■ TASK DESCRIPTION: Treat the line containing "Phóng sinh tại bến phà Bình Mỹ" as the first line of the answer and the last line of the data as its final line, reproducing every line between exactly.

■ EXERCISE DATA:
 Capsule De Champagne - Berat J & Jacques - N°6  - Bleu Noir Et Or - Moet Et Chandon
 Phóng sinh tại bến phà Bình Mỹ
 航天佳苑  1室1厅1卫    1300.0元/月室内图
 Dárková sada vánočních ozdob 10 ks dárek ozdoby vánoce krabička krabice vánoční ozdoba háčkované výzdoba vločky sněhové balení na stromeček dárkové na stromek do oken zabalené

■ SOLUTION FOR THIS TASK:
 Phóng sinh tại bến phà Bình Mỹ
 航天佳苑  1室1厅1卫    1300.0元/月室内图
 Dárková sada vánočních ozdob 10 ks dárek ozdoby vánoce krabička krabice vánoční ozdoba háčkované výzdoba vločky sněhové balení na stromeček dárkové na stromek do oken zabalené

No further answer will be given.